Task description
Could you print exactly the lines from the one that contains "1001 Brookhaven Dr — Photo 7" to the end of the data, both ends included, and nothing else? Skip the pictures.

Recorded information
..............................

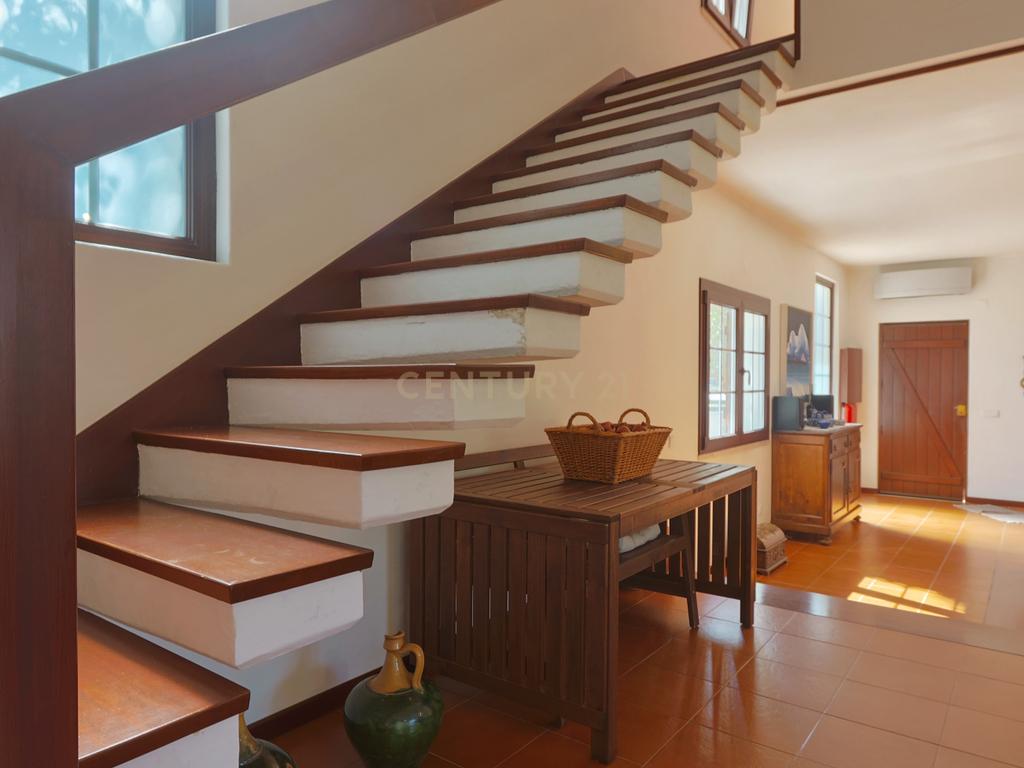 Casa T5 na Verdizela - Qualidade e Exclusividade - Image 9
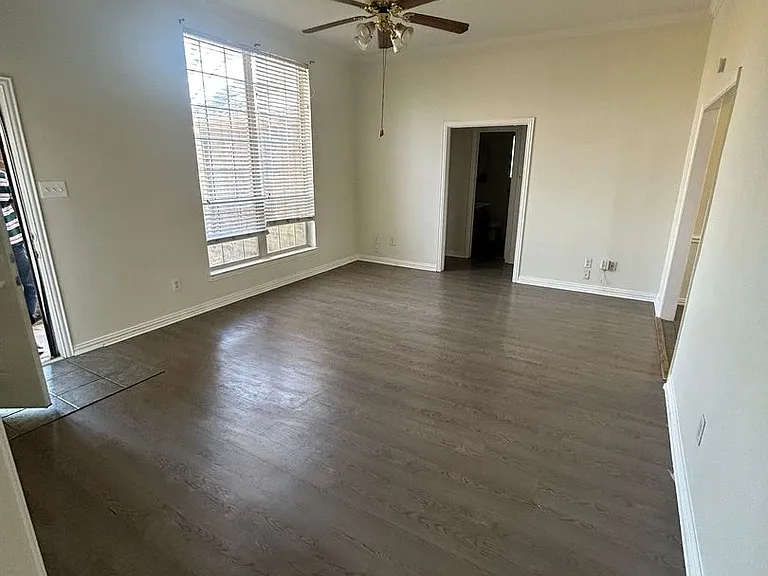 1001 Brookhaven Dr — Photo 7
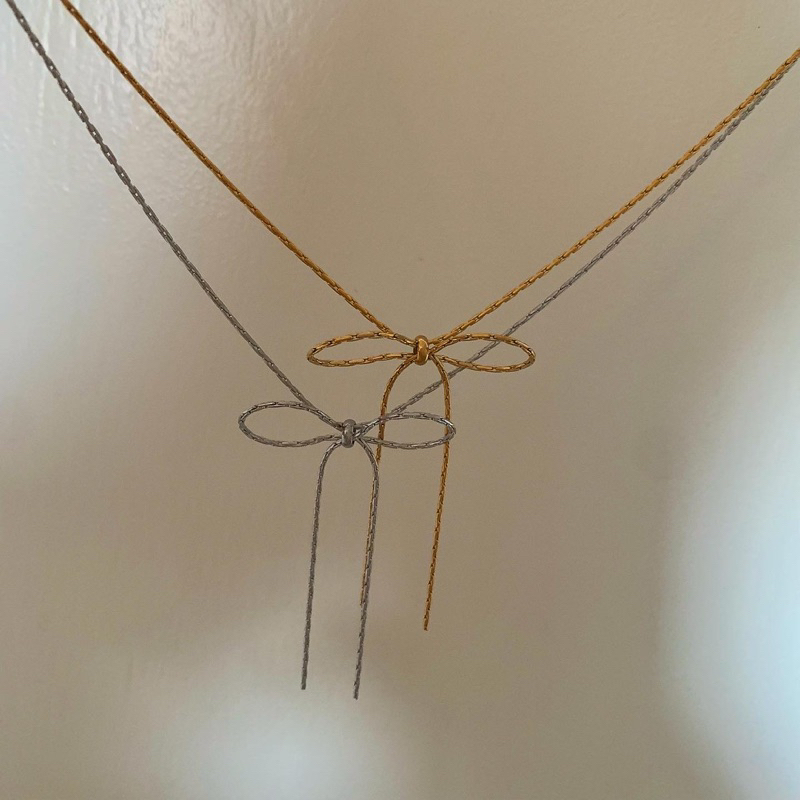 HER OBJECTIVE_HER ROSÉ BOW NECKLACE
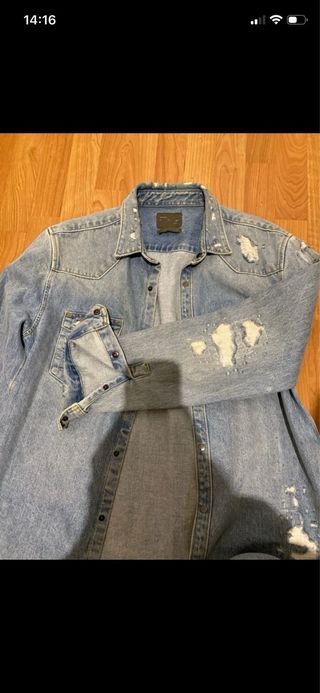 Sobrecamisa vaquera desgastada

..............................

Solution to this problem
 1001 Brookhaven Dr — Photo 7
 HER OBJECTIVE_HER ROSÉ BOW NECKLACE
 Sobrecamisa vaquera desgastada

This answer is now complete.